Credit card fraud is up during the pandemic; here’s how to protect your info
Since the coronavirus shut down the US economy a couple of months ago, Fidelity National Information Services, a fraud-monitoring service for banks, has seen a big jump in attempted credit card scams.
“People are doing more online shopping, of course the scammers are targeting them at a greater rate,” said Carmen Million of the Better Business Bureau.
Sixty-one thousand people filed complaints during the COVID-19 pandemic to the Federal Trade Commission. Over half of those complaints are related to fraudulent activity, mostly reaching you through online shopping and vacation deals.
Million says, because people took to online shopping for their safety and convenience during the stay-at-home order, fraudsters became more active to try to steal personal banking information. She suggests that before you click check out, verify the virtual shop is the real deal.
One way to know you are shopping on a secure website is by looking at the URL. You want to see the letters https at the beginning of the link to know your information is protected.

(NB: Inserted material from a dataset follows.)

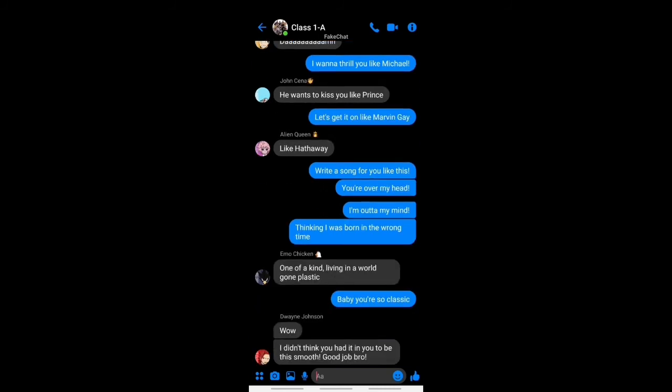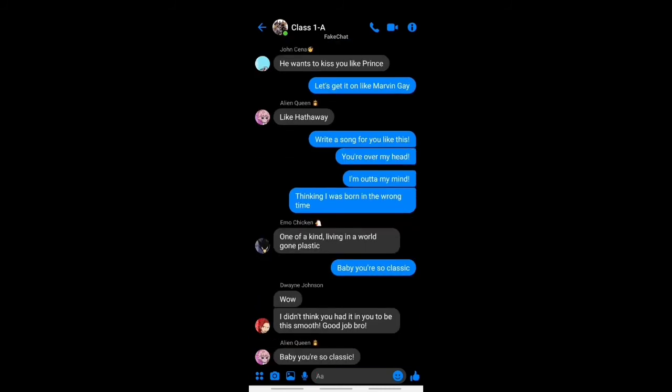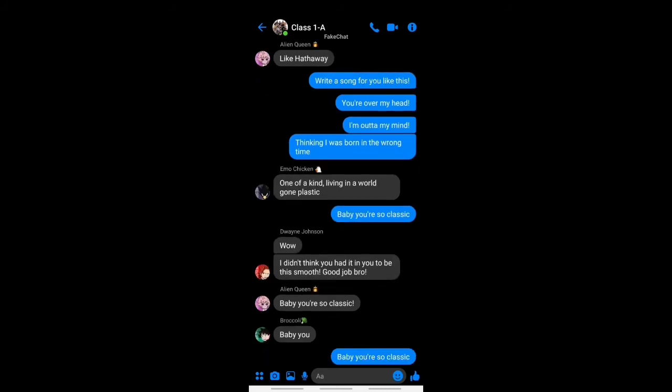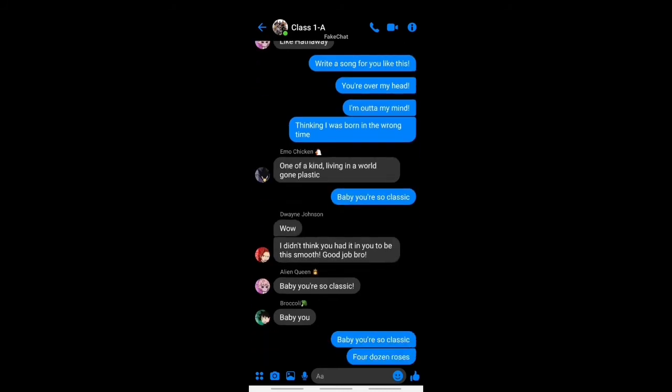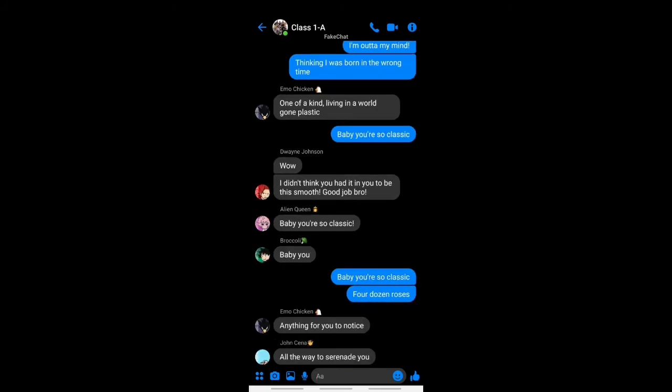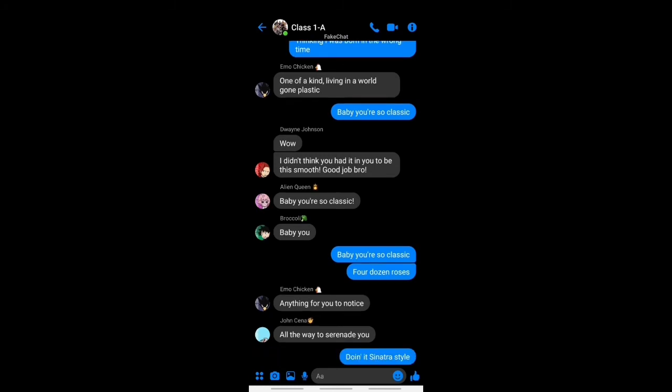Yeah, yeah. So classic, baby you're so classic.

If you do find a safe place to shop online, Million recommends you use a credit card or PayPal account at checkout instead of your debit card. That way, if a fraudster does get your information, there is more time to stop the transaction before it completely goes through.
And don’t forget to pay attention to those credit statements and reports. Before the COVID-19 pandemic, you could get a free credit report once a year to check your credit score and activity. Now, the three main credit report agencies Equifax, Experian and TransUnion offer free weekly online reports through April 2021 at Annualcreditreport.com.
“Keep an eye on your credit card charges,” said Million. “You want to make sure that the only thing that’s charged on your account is what you agreed to.”
That’s because if any dollar looks out of place, then there could be a problem.
“If you see anything unusual, even if it’s tiny charge of less than a dollar, then that could be a sign that somebody has compromised your information,” said Sara Rathner, a credit card expert with NerdWallet.
Rathner says look at your statements at least once a month, if not more often than that. And play around with the settings in your online or mobile bank account to set up security alerts. Your bank can send you emails or text messages if there is suspicious behavior with your account.
“That can often be the first sign that something is wrong,” said Rathner.
If something is wrong, then report it.
“You don’t have unlimited credit,” she said. “They’re spending your money. And they’re going to get bolder and bolder spending larger amounts of money once they notice you’re not stopping them.”
Call the number on the back your credit card and dispute the charges.
Your bank can put a freeze on that card or stop activity on the account altogether. Then, they will send you a new card to replace the compromised one.
Rathner explains that by federal law, you are not responsible for more than $50 of fraudulent charges, but it’s important that you catch the activity early to put a stop to it.
These practices to protect your credit are good for now and always.